Jeff Koons in yesterday’s press scrum at the Metropolitan Museum’s roof garden
Memo to the Metropolitan Museum: Does the artworld really need another high-profile showcase for Jeff Koons‘ faux inflatables? Is it particularly desirable to borrow two of them from the coveted private collection of Steve Cohen, whose loans have recently been seen enriching just about every New York art museum? If you throw in one more piece, owned by Louis Vuitton’s foundation, does that make it just about perfect? (Speaking of which, I mercifully neglected to mention previously that there’s a gallery of Cohen-owned Murakamis at the end of that artist’s Vuitton-selling retropective at the Brooklyn Museum. The museum’s shop even offers an $800 print reproducing one of Cohen’s paintings, so you too can feel like a munificent hedge-fund king!)

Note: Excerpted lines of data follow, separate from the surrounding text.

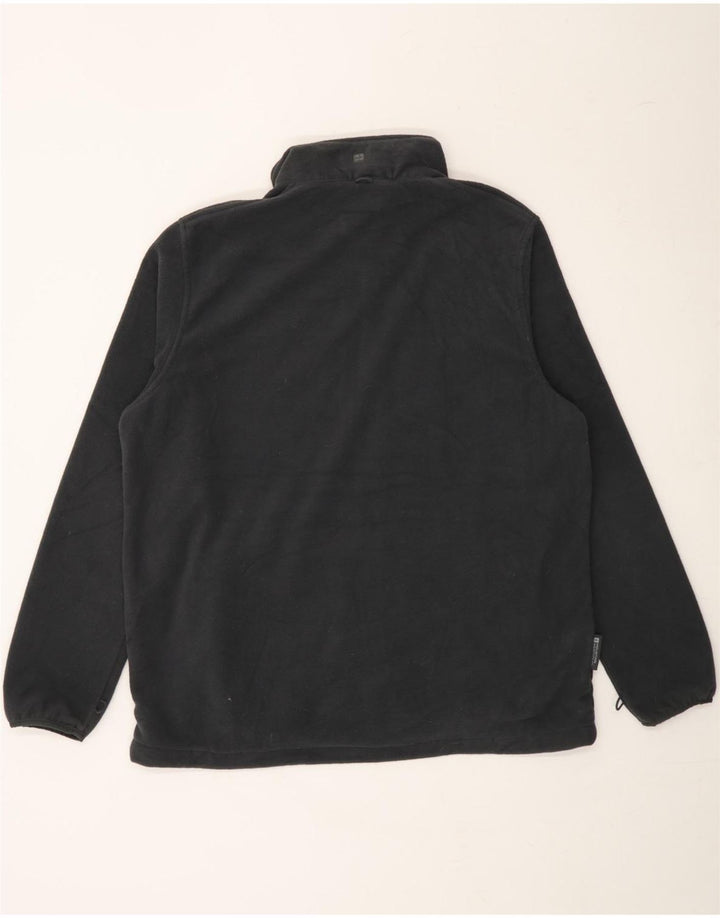 MOUNTAIN WAREHOUSE Mens Fleece Jacket UK 40 Large Grey Polyester Vintage Mountain Warehouse and Second-Hand Mountain Warehouse from Messina Hembry 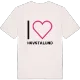 Jag älskar Hovstalund t-shirt stort tryck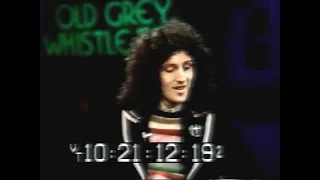 Brian May - Old Grey Whistle Test Interview 1976 + Sweet Lady (Restored)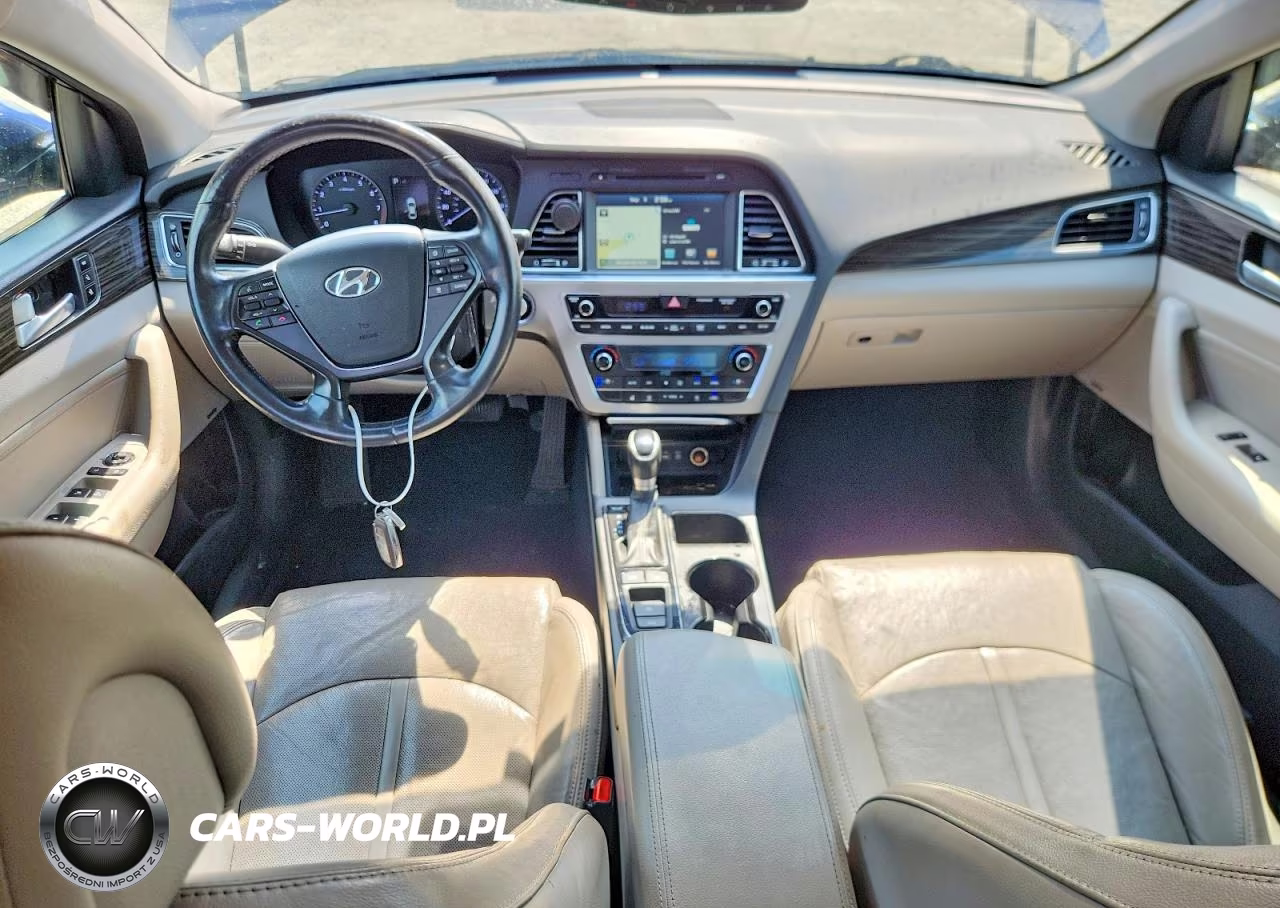 2015 Hyundai Sonata Limited VIN:5NPE34AF2FH064415 - 8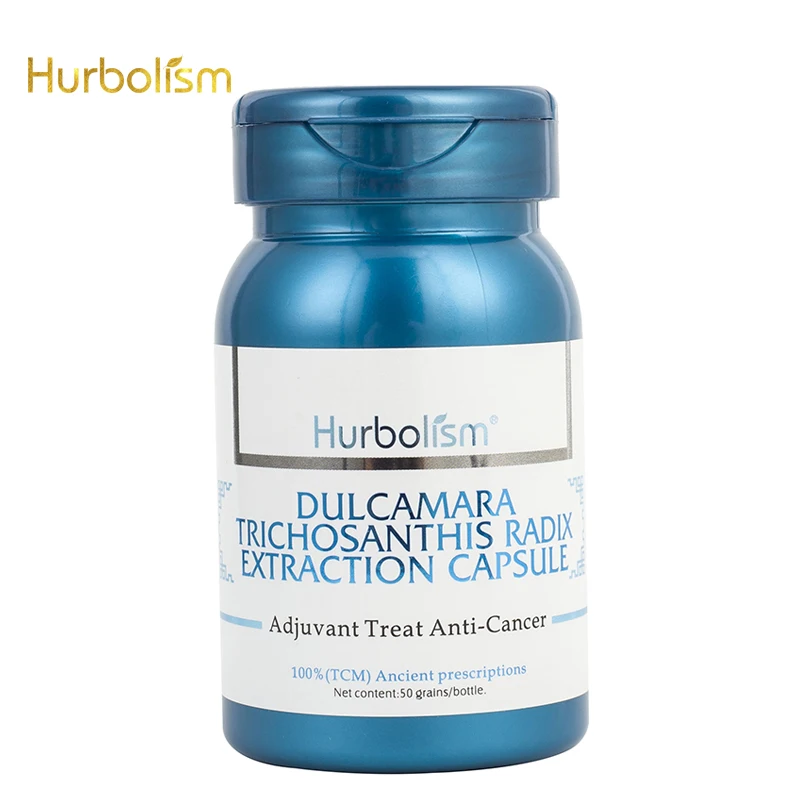 Hurbolism Dulcamara Trichosanthis Radix Extraction Capsule,Adjuvant Treat Anti-Cancer, Plants Extract, No Side Effect, 50pcs
Hurbolism Dulcamara Trichosanthis Radix Extraction Capsule,Adjuvant Treat Anti-Cancer, Plants Extract, No Side Effect, 50pcs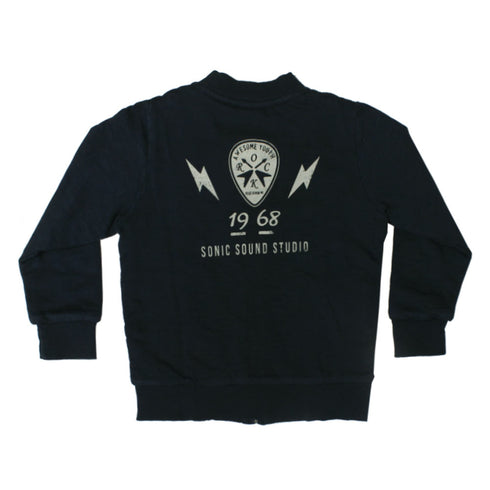 TAPE A LOEIL R Embroidery Blue Boys Jacket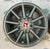 Lunar alloy wheels; 14", 5 stud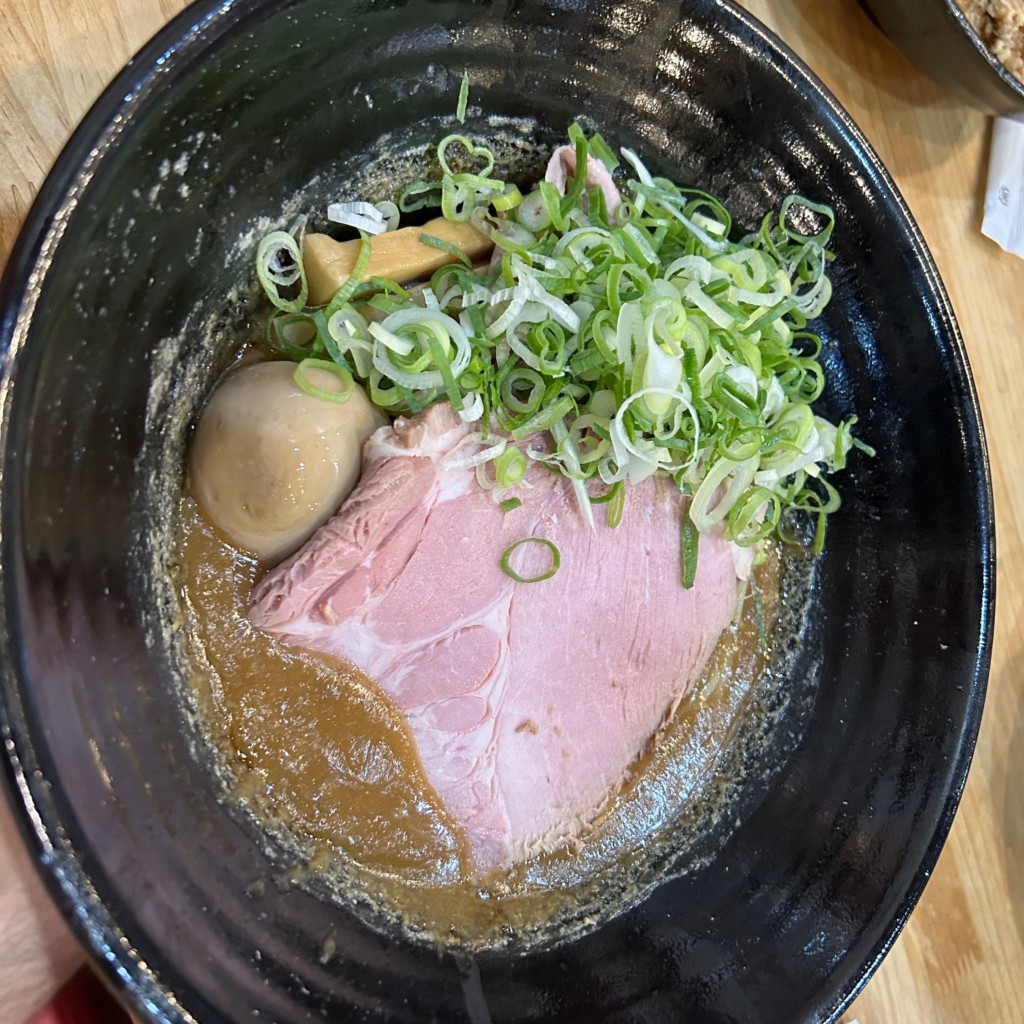 ユーザーが投稿したオリンポスの写真 - 実際訪問したユーザーが直接撮影して投稿した尼辻町ラーメン / つけ麺まりお流らーめんの写真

But back to Koons: Below is a photo of the Metropolitan Museum’s lightweight 15,600-pound roof garden installation (associate curator Anne Strauss weighed in with that hefty figure), consisting of two familiar-looking puffed-up pieces (although these particular Cohen-ies have never been previously exhibited) and the Vuitton-loaned “Coloring Book”—a silvery, stainless steel Piglet (of Winnie-the-Pooh fame), exuberantly colored outside the lines to the point of unrecognizability. I enjoyed that piece, in spite of the Met’s inflated assertion that it’s about “childhood—as well as adult—dreams and fantasies about candy and luxury goods, intermixed with religious imagery.” I just don’t see the profundity that museum curators like to ascribe to these baubles. I’d sooner rely on Koons, who told reporters that his works are about “joy.”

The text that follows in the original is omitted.